• _Task objective_:
Without skipping any entry, transcribe the data word for word.

Records drawn from a dataset
__________
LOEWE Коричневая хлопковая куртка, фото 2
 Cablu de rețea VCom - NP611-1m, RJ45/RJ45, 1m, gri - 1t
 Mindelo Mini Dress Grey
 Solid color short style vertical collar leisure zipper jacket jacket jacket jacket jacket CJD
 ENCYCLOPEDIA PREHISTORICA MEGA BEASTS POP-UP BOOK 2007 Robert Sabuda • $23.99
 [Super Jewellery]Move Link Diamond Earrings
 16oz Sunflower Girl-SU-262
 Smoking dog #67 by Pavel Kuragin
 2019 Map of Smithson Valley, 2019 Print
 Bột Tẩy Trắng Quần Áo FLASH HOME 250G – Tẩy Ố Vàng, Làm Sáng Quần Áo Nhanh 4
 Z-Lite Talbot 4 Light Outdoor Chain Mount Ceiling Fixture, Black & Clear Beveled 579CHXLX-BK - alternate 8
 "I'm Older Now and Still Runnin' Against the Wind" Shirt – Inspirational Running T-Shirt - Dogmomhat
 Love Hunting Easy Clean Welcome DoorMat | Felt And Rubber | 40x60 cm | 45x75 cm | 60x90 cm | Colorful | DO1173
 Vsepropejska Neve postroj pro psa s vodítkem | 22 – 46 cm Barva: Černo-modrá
__________
• _Your solution_:
LOEWE Коричневая хлопковая куртка, фото 2
 Cablu de rețea VCom - NP611-1m, RJ45/RJ45, 1m, gri - 1t
 Mindelo Mini Dress Grey
 Solid color short style vertical collar leisure zipper jacket jacket jacket jacket jacket CJD
 ENCYCLOPEDIA PREHISTORICA MEGA BEASTS POP-UP BOOK 2007 Robert Sabuda • $23.99
 [Super Jewellery]Move Link Diamond Earrings
 16oz Sunflower Girl-SU-262
 Smoking dog #67 by Pavel Kuragin
 2019 Map of Smithson Valley, 2019 Print
 Bột Tẩy Trắng Quần Áo FLASH HOME 250G – Tẩy Ố Vàng, Làm Sáng Quần Áo Nhanh 4
 Z-Lite Talbot 4 Light Outdoor Chain Mount Ceiling Fixture, Black & Clear Beveled 579CHXLX-BK - alternate 8
 "I'm Older Now and Still Runnin' Against the Wind" Shirt – Inspirational Running T-Shirt - Dogmomhat
 Love Hunting Easy Clean Welcome DoorMat | Felt And Rubber | 40x60 cm | 45x75 cm | 60x90 cm | Colorful | DO1173
 Vsepropejska Neve postroj pro psa s vodítkem | 22 – 46 cm Barva: Černo-modrá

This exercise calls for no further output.